Supplied data

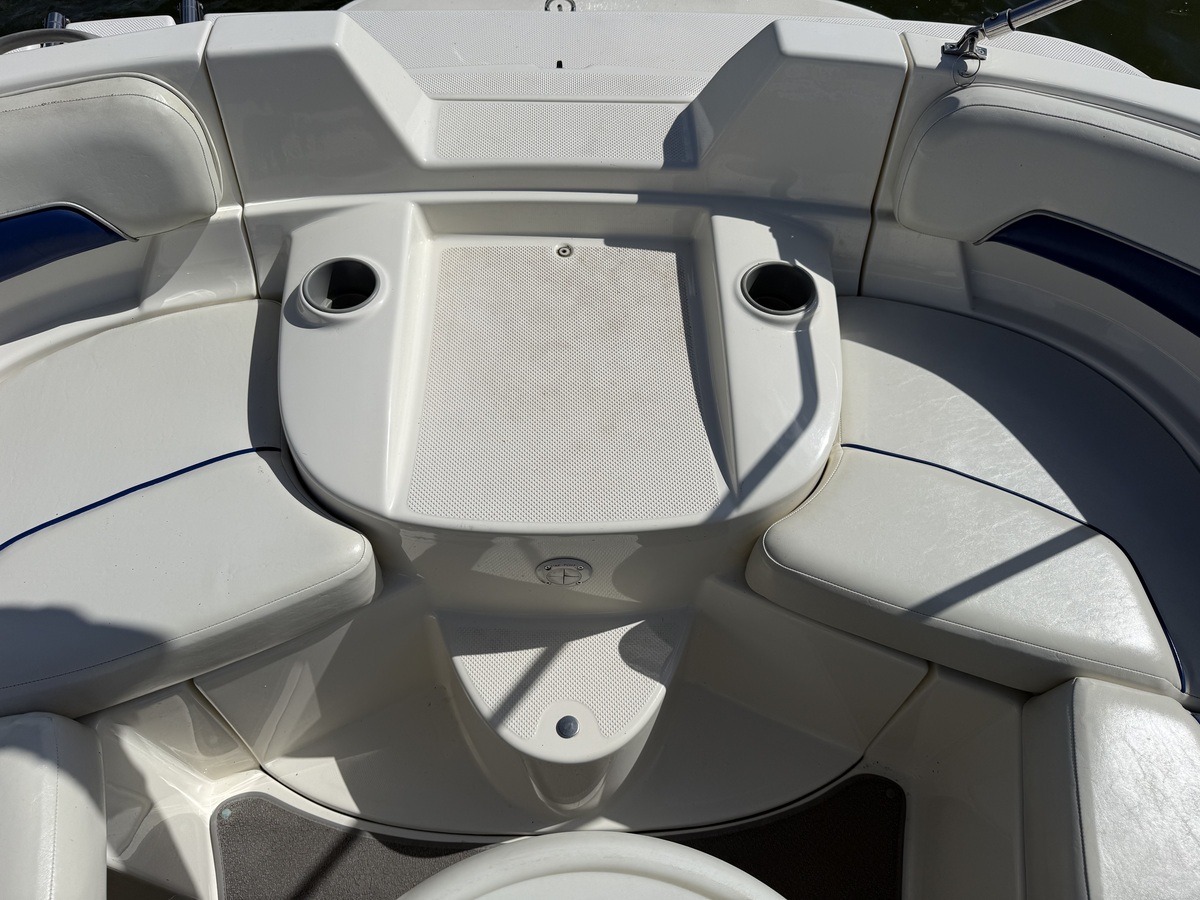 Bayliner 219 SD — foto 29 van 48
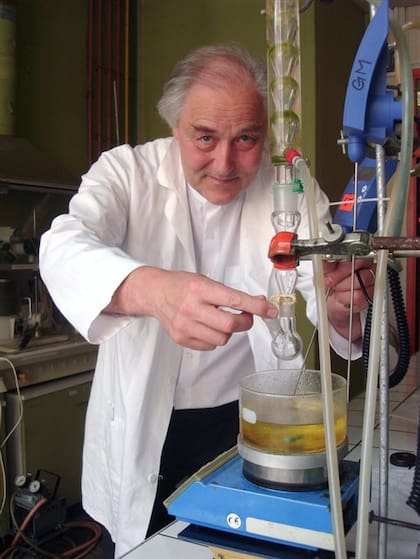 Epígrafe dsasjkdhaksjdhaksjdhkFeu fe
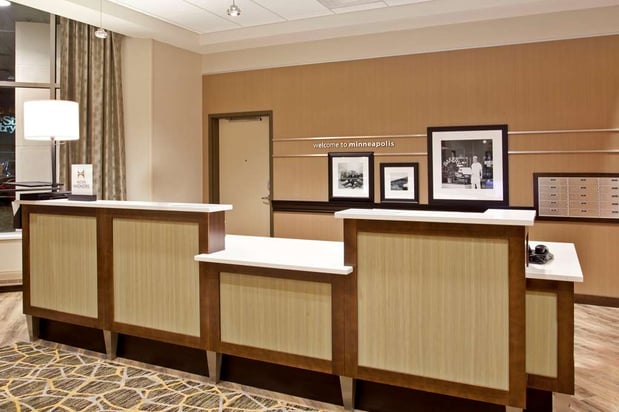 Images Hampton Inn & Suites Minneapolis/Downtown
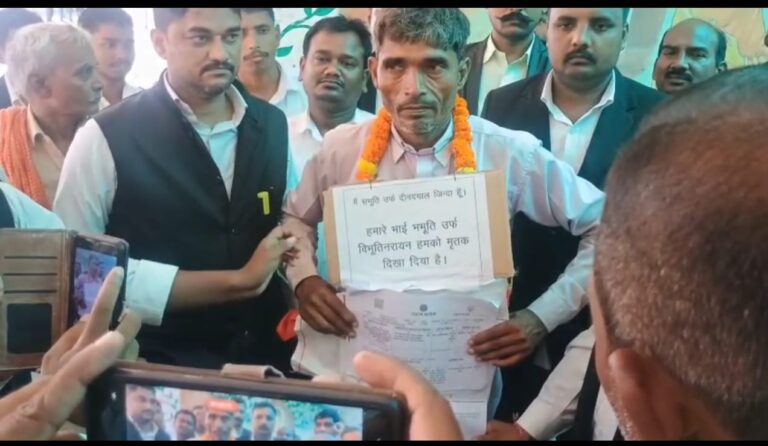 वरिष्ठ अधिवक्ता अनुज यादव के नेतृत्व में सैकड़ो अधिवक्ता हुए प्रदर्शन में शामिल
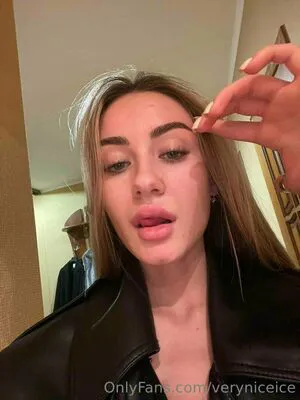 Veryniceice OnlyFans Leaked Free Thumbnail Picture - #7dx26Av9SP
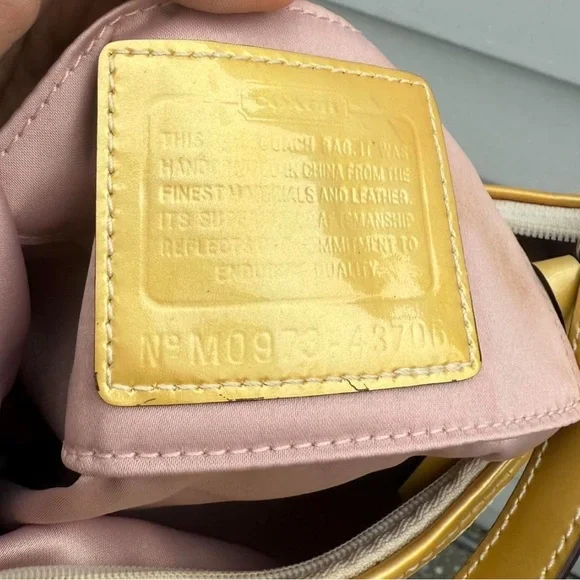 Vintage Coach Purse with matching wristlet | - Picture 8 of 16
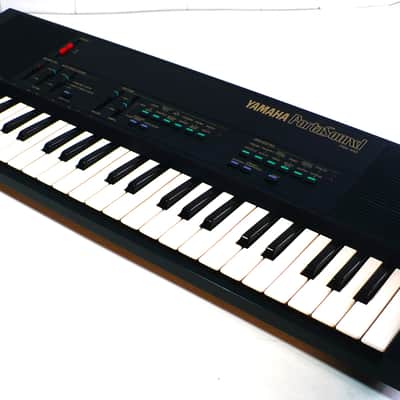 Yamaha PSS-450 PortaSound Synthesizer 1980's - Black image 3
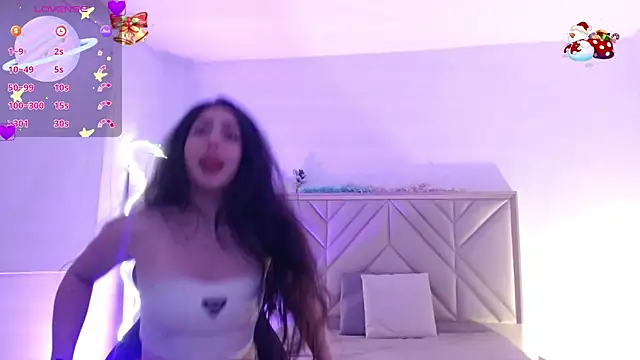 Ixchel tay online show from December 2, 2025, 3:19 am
--
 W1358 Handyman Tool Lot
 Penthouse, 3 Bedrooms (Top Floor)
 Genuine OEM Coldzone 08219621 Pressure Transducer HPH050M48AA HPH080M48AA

Required work
Reproduce the data above exactly, but only from the line containing "Bayliner 219 SD — foto 29 van 48" through the line containing "Veryniceice OnlyFans Leaked". Omit all pictures.

Task response
 Bayliner 219 SD — foto 29 van 48
 Epígrafe dsasjkdhaksjdhaksjdhkFeu fe
 Images Hampton Inn & Suites Minneapolis/Downtown
 वरिष्ठ अधिवक्ता अनुज यादव के नेतृत्व में सैकड़ो अधिवक्ता हुए प्रदर्शन में शामिल
 Veryniceice OnlyFans Leaked Free Thumbnail Picture - #7dx26Av9SP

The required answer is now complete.